_Directions for this task:_ Repeat exactly every line that comes at or after the line containing "7094 E Shields Dr, Nampa, ID 83687", through the end of the entries below.

[Data extracted from a collection]

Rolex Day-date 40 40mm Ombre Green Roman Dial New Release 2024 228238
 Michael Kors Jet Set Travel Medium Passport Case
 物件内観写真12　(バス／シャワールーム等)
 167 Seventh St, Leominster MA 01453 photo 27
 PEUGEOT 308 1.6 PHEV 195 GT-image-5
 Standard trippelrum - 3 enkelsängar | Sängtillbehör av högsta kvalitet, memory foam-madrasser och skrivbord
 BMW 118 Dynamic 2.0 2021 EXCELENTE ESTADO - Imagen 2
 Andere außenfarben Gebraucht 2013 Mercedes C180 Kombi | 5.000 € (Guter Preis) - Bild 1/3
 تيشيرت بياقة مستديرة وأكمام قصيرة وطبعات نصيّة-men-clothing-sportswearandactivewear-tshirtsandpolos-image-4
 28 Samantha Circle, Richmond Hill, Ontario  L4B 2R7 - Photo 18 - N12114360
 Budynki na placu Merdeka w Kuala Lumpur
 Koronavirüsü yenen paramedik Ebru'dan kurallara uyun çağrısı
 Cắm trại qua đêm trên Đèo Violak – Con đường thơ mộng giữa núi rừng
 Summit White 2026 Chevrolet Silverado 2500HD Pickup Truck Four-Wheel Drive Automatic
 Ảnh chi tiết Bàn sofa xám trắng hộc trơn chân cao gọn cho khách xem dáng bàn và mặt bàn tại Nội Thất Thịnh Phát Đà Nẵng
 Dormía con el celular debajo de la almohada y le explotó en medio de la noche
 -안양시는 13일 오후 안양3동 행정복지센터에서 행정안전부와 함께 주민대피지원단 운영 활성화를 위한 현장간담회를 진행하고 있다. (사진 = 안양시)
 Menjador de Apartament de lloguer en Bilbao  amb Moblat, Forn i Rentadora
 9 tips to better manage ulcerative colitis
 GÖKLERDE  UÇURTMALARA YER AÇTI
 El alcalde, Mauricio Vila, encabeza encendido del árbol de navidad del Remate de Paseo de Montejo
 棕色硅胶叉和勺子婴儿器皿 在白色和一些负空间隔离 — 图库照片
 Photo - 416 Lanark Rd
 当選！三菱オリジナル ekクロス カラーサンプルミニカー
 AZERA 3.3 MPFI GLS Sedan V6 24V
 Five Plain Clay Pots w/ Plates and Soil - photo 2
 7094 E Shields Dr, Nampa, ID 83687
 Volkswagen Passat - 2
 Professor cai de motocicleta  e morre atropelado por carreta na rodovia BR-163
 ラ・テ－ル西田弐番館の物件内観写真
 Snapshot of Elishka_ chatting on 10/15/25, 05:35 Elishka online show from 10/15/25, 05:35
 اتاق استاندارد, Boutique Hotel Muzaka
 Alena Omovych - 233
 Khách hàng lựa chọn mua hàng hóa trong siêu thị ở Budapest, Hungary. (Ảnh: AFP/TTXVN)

_Your response:_
 7094 E Shields Dr, Nampa, ID 83687
 Volkswagen Passat - 2
 Professor cai de motocicleta  e morre atropelado por carreta na rodovia BR-163
 ラ・テ－ル西田弐番館の物件内観写真
 Snapshot of Elishka_ chatting on 10/15/25, 05:35 Elishka online show from 10/15/25, 05:35
 اتاق استاندارد, Boutique Hotel Muzaka
 Alena Omovych - 233
 Khách hàng lựa chọn mua hàng hóa trong siêu thị ở Budapest, Hungary. (Ảnh: AFP/TTXVN)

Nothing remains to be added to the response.